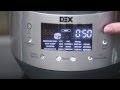 Видеообзор DEX DMC-80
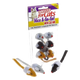 Ratinhos de brincar para gatos Classic Natural Mini Mice 6 unid.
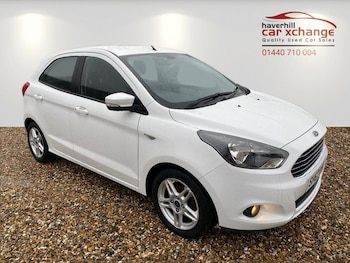Used Ford Ka+ 2018 for sale - 78357717: Photo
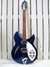 Rickenbacker 330/6 , Midnightblue: Full Instrument - Front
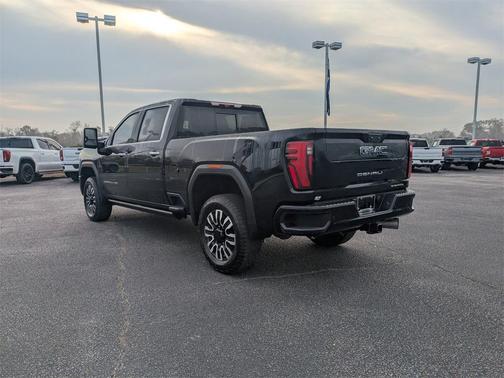 2024 GMC Sierra 2500 Denali Ultimate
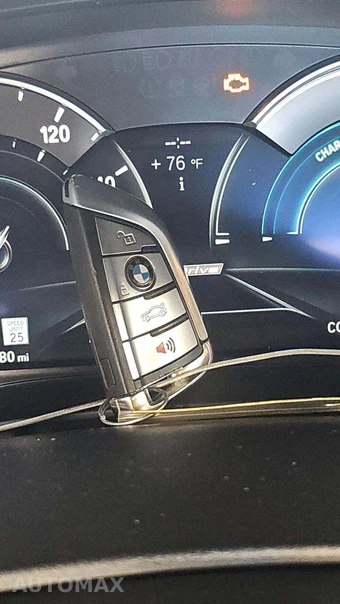 2019 BMW 5 Series Sedan xDrive iPerformance SPORT LINE - miniatura 17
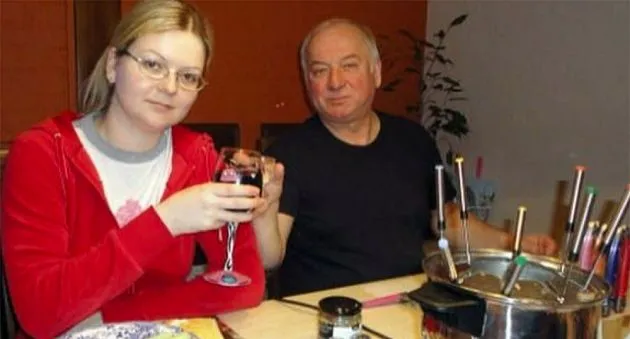 СМИ: Британия вычислила отравителей Скрипаля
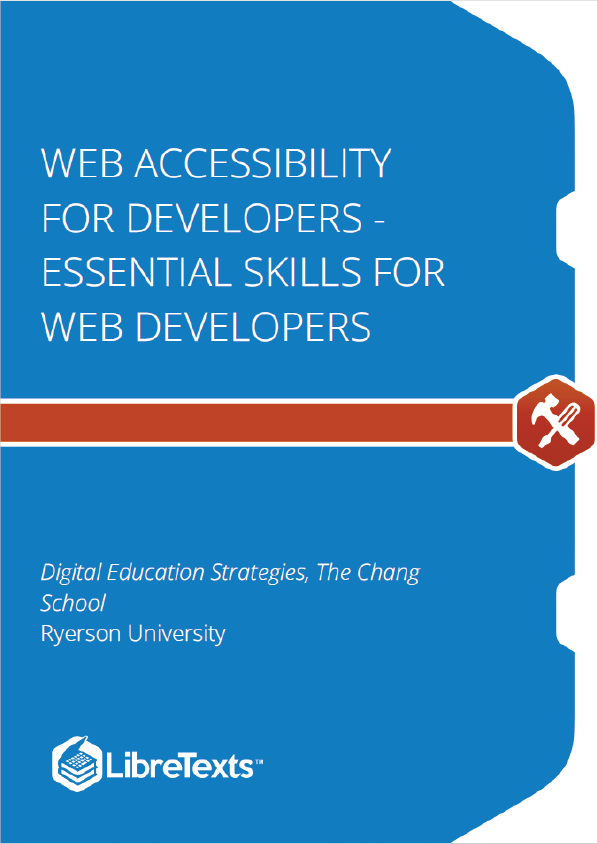 Web Accessibility for Developers - Essential Skills for Web Developers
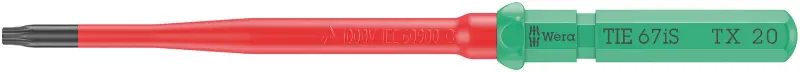 Wera 006635 Náradie pre skrutkové spoje rozvádzačov regulácia otáčok Kraftform Kompakt VDE Safe-Torque Basic 2 - 11 dielov (W05006635001)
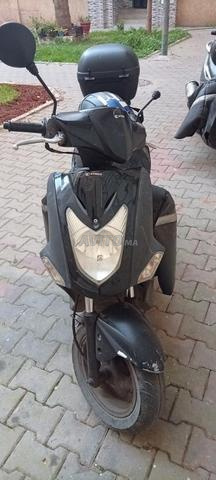 Kymco Agilité 50 - 2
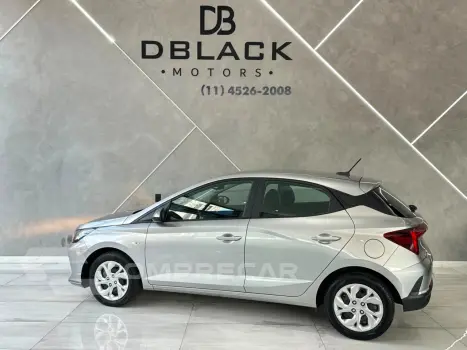 HB20 Comfort 1.0 Flex 12V Mec.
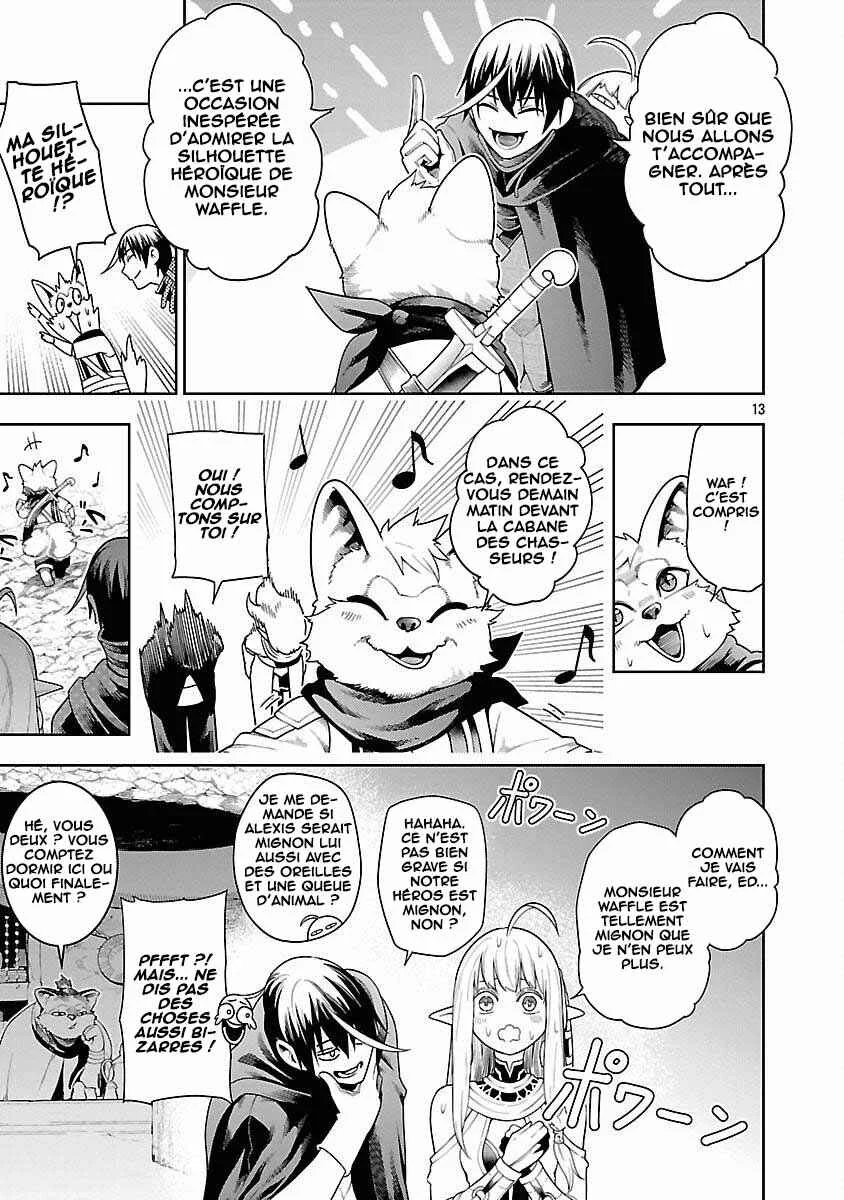 Tsuihou Sareru Tabi ni Skill o Te ni Ireta Ore ga, 100 no Isekai de 2-shuume Musou Chapitre 22 - Page 12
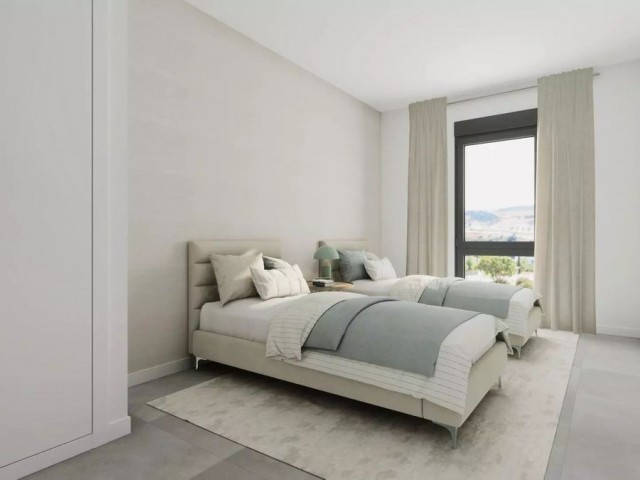 2 Soveroms Leilighet i Estepona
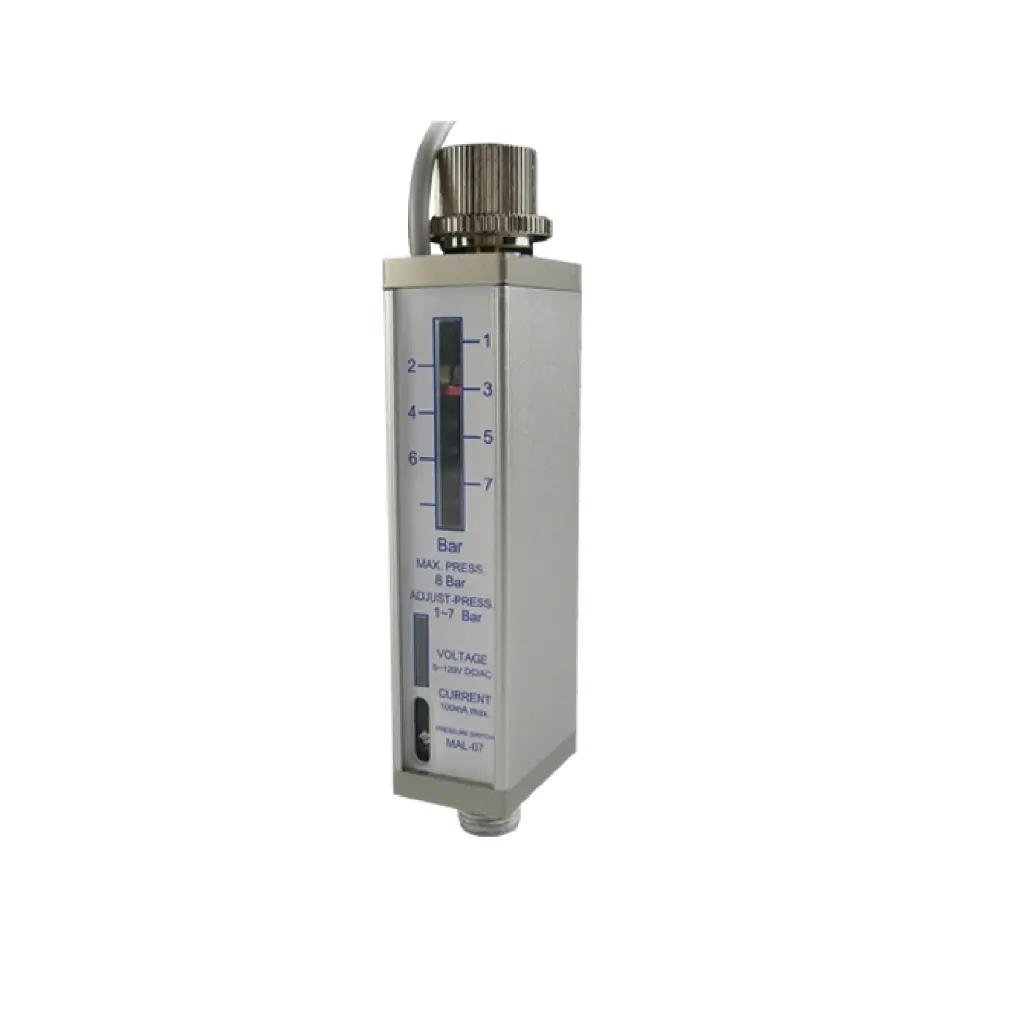 Shako Pressure Switch 1-7 Bar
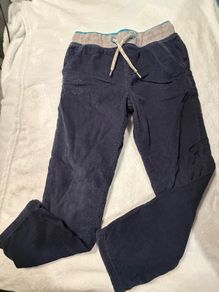 Boys corduroy trousers
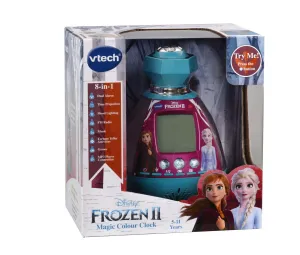 FROZEN 2 KIDIMAGIC ALARM CLOCK, VTECH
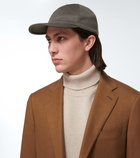 Loro Piana - Cashmere baseball cap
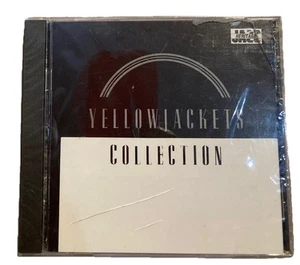 Yellowjackets Collection CD SEALED NEW - Bild 1 von 4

PROBLEM REQUIREMENTS —
Write the listing out in full, exactly; no images.

ANSWER FOR THE TASK —
 Видеообзор DEX DMC-80
 Ratinhos de brincar para gatos Classic Natural Mini Mice 6 unid.
Used Ford Ka+ 2018 for sale - 78357717: Photo
 Rickenbacker 330/6 , Midnightblue: Full Instrument - Front
 2024 GMC Sierra 2500 Denali Ultimate
 2019 BMW 5 Series Sedan xDrive iPerformance SPORT LINE - miniatura 17
 СМИ: Британия вычислила отравителей Скрипаля
 Web Accessibility for Developers - Essential Skills for Web Developers
 Wera 006635 Náradie pre skrutkové spoje rozvádzačov regulácia otáčok Kraftform Kompakt VDE Safe-Torque Basic 2 - 11 dielov (W05006635001)
 Kymco Agilité 50 - 2
 HB20 Comfort 1.0 Flex 12V Mec.
 Tsuihou Sareru Tabi ni Skill o Te ni Ireta Ore ga, 100 no Isekai de 2-shuume Musou Chapitre 22 - Page 12
 2 Soveroms Leilighet i Estepona
 Shako Pressure Switch 1-7 Bar
 Boys corduroy trousers
 FROZEN 2 KIDIMAGIC ALARM CLOCK, VTECH
 Loro Piana - Cashmere baseball cap
 Yellowjackets Collection CD SEALED NEW - Bild 1 von 4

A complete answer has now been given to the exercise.